- AIM OF THE TASK -
Write out all of the entries exactly, please.

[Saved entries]
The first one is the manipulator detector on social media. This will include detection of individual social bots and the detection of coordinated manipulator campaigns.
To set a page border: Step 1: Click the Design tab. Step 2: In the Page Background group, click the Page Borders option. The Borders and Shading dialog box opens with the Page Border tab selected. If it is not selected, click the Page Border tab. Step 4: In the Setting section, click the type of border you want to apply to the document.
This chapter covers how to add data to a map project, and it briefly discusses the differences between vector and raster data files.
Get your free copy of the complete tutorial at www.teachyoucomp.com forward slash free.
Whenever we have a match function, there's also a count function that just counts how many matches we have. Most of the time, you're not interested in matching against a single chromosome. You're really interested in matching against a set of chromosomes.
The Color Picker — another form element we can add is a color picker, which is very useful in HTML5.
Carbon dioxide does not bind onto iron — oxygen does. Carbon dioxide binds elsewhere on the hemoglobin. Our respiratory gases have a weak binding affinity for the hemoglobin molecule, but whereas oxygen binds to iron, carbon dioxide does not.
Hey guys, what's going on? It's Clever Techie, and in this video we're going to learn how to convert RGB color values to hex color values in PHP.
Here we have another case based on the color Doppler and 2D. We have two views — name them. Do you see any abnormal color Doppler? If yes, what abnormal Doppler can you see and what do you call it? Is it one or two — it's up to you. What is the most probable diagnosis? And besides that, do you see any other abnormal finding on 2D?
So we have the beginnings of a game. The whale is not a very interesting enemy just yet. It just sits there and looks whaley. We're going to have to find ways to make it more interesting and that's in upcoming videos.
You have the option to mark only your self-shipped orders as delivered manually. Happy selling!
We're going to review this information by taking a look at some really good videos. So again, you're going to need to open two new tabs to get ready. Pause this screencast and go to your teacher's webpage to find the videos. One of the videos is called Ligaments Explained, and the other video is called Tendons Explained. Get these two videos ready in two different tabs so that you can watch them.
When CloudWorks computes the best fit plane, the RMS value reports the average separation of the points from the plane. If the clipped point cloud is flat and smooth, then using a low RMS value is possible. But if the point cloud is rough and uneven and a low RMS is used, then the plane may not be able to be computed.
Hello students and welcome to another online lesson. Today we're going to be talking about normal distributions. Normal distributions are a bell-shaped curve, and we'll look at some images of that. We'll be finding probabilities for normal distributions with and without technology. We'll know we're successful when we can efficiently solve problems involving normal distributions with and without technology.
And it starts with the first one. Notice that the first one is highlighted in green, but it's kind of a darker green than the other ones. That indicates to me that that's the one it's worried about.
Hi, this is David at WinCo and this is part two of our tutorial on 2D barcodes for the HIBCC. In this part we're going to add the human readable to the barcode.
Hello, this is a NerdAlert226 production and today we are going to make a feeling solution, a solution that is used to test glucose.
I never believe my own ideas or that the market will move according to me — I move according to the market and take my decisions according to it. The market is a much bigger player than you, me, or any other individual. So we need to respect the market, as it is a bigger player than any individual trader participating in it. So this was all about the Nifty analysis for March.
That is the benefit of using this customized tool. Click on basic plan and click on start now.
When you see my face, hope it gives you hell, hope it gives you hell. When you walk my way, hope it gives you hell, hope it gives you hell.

- SOLUTION TO THE PROBLEM -
The first one is the manipulator detector on social media. This will include detection of individual social bots and the detection of coordinated manipulator campaigns.
To set a page border: Step 1: Click the Design tab. Step 2: In the Page Background group, click the Page Borders option. The Borders and Shading dialog box opens with the Page Border tab selected. If it is not selected, click the Page Border tab. Step 4: In the Setting section, click the type of border you want to apply to the document.
This chapter covers how to add data to a map project, and it briefly discusses the differences between vector and raster data files.
Get your free copy of the complete tutorial at www.teachyoucomp.com forward slash free.
Whenever we have a match function, there's also a count function that just counts how many matches we have. Most of the time, you're not interested in matching against a single chromosome. You're really interested in matching against a set of chromosomes.
The Color Picker — another form element we can add is a color picker, which is very useful in HTML5.
Carbon dioxide does not bind onto iron — oxygen does. Carbon dioxide binds elsewhere on the hemoglobin. Our respiratory gases have a weak binding affinity for the hemoglobin molecule, but whereas oxygen binds to iron, carbon dioxide does not.
Hey guys, what's going on? It's Clever Techie, and in this video we're going to learn how to convert RGB color values to hex color values in PHP.
Here we have another case based on the color Doppler and 2D. We have two views — name them. Do you see any abnormal color Doppler? If yes, what abnormal Doppler can you see and what do you call it? Is it one or two — it's up to you. What is the most probable diagnosis? And besides that, do you see any other abnormal finding on 2D?
So we have the beginnings of a game. The whale is not a very interesting enemy just yet. It just sits there and looks whaley. We're going to have to find ways to make it more interesting and that's in upcoming videos.
You have the option to mark only your self-shipped orders as delivered manually. Happy selling!
We're going to review this information by taking a look at some really good videos. So again, you're going to need to open two new tabs to get ready. Pause this screencast and go to your teacher's webpage to find the videos. One of the videos is called Ligaments Explained, and the other video is called Tendons Explained. Get these two videos ready in two different tabs so that you can watch them.
When CloudWorks computes the best fit plane, the RMS value reports the average separation of the points from the plane. If the clipped point cloud is flat and smooth, then using a low RMS value is possible. But if the point cloud is rough and uneven and a low RMS is used, then the plane may not be able to be computed.
Hello students and welcome to another online lesson. Today we're going to be talking about normal distributions. Normal distributions are a bell-shaped curve, and we'll look at some images of that. We'll be finding probabilities for normal distributions with and without technology. We'll know we're successful when we can efficiently solve problems involving normal distributions with and without technology.
And it starts with the first one. Notice that the first one is highlighted in green, but it's kind of a darker green than the other ones. That indicates to me that that's the one it's worried about.
Hi, this is David at WinCo and this is part two of our tutorial on 2D barcodes for the HIBCC. In this part we're going to add the human readable to the barcode.
Hello, this is a NerdAlert226 production and today we are going to make a feeling solution, a solution that is used to test glucose.
I never believe my own ideas or that the market will move according to me — I move according to the market and take my decisions according to it. The market is a much bigger player than you, me, or any other individual. So we need to respect the market, as it is a bigger player than any individual trader participating in it. So this was all about the Nifty analysis for March.
That is the benefit of using this customized tool. Click on basic plan and click on start now.
When you see my face, hope it gives you hell, hope it gives you hell. When you walk my way, hope it gives you hell, hope it gives you hell.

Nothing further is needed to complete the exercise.